O clima nos sindicatos e movimentos sociais na Argentina, muitos historicamente ligados ao peronismo ou ao kirchnerismo, é de tensão e medo de um novo caos social "à la 2001" caso o ultraliberal Javier Milei, favorito nas pesquisas, seja eleito presidente. A avaliação geral no setor é de que ele terá mais dificuldades em conter um eventual caos social do que o atual ministro da Economia, Sergio Massa.

"Acho que Milei tem poucas chances de terminar seu mandato", opina Nicolás Mayr, secretário-geral da FNT (federação nacional de trabalhadores de cooperativas), refletindo a visão de uma ala mais pessimista. "Milei tem nula presença territorial, péssima relação com 99% dos sindicatos e com todas as organizações sociais", afirma.

Manifestantes protestam contra gestão do presidente argentino Alberto Fernández e seu acordo com o FMI em meio a crise econômica, no Obelisco, em Buenos Aires - Agustin Marcarian - 28.set.2023/Reuters

Segundo ele, que diz que sua agremiação é apartidária e reúne cerca de 10 mil pessoas, o governo só conseguiu até agora evitar que a raiva ou indignação explodissem porque tem peso sobre esses grupos.
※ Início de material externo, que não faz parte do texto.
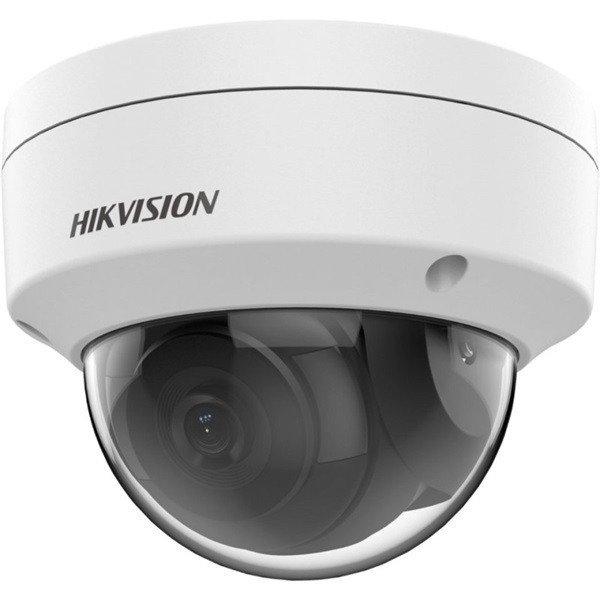 Hikvision IP dómkamera - DS-2CD1143G2-IUF (4MP, 2,8mm, kültéri, H265+, IP67,
IR30m, ICR, DWDR, 3DNR, PoE, műanyag)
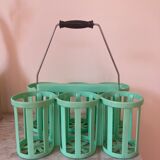 Bottle holder 1960 signed Pola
Com uma inflação que chega a 138% ao ano, corrói o valor dos salários e põe 40% dos argentinos abaixo da linha da pobreza, não são poucos os que estão descontentes.

Nicolás mesmo iniciou uma greve de fome nesta semana ao lado de centenas de pessoas em frente ao Ministério do Desenvolvimento Social, no centro de Buenos Aires, para tentar ser ouvido pelo governo de Alberto Fernández. Ele reclama que, apesar de representarem 10% da classe trabalhadora do país, as cooperativas foram um dos únicos setores que não receberam ajuda para mitigar a inflação.

O clima é também de espera para ver como será a votação no outro domingo (22). "Os setores populares estão ansiosos e angustiados, mas também têm uma esperança de sair dessa situação", opina Tano Catalano, secretário-geral da ATE (Associação de Trabalhadores do Estado), que agrupa 36 mil funcionários públicos na capital, mais ligados ao kirchnerismo.

"Estamos militando para que Massa seja presidente, tentando alertar sobre o que pode acontecer se Milei ganhar, esclarecendo que quem está desestabilizando o país são esses candidatos que pensam numa economia dolarizada, incitando as pessoas a tirar os pesos do banco", argumenta ele, ressoando as acusações do governo.

Nos últimos dias, o dólar paralelo, que rege os preços na Argentina, teve uma nova disparada, ultrapassando a marca dos 1.000 pesos. Massa e grande parte dos economistas dizem que a corrida ocorre pelas perspectivas de dolarização da economia proposta por Milei, que nega e culpa as últimas gestões pela crise, bem como o aumento de gastos pré-eleições.

Catalano afirma que os funcionários públicos estão num "estado de tensão permanente", com medo de serem demitidos. "Pensamos que pode haver muita tensão social e violência, não só pela vitória de Milei, mas pelo que ele propõe: despedir trabalhadores, privatizar saúde e educação. O que resta diante disso são pessoas sem trabalho, instituições atacadas pelo próprio Estado".

Um ensaio do que pode estar por vir ocorreu alguns dias depois das eleições primárias, em agosto, quando o dólar também explodiu e uma onda de saques se espalhou pela Argentina. Foram registradas mais de 150 tentativas de roubos a supermercados e lojas, muitas orquestradas via redes sociais, só na área metropolitana de Buenos Aires, somando perto de 200 prisões no país.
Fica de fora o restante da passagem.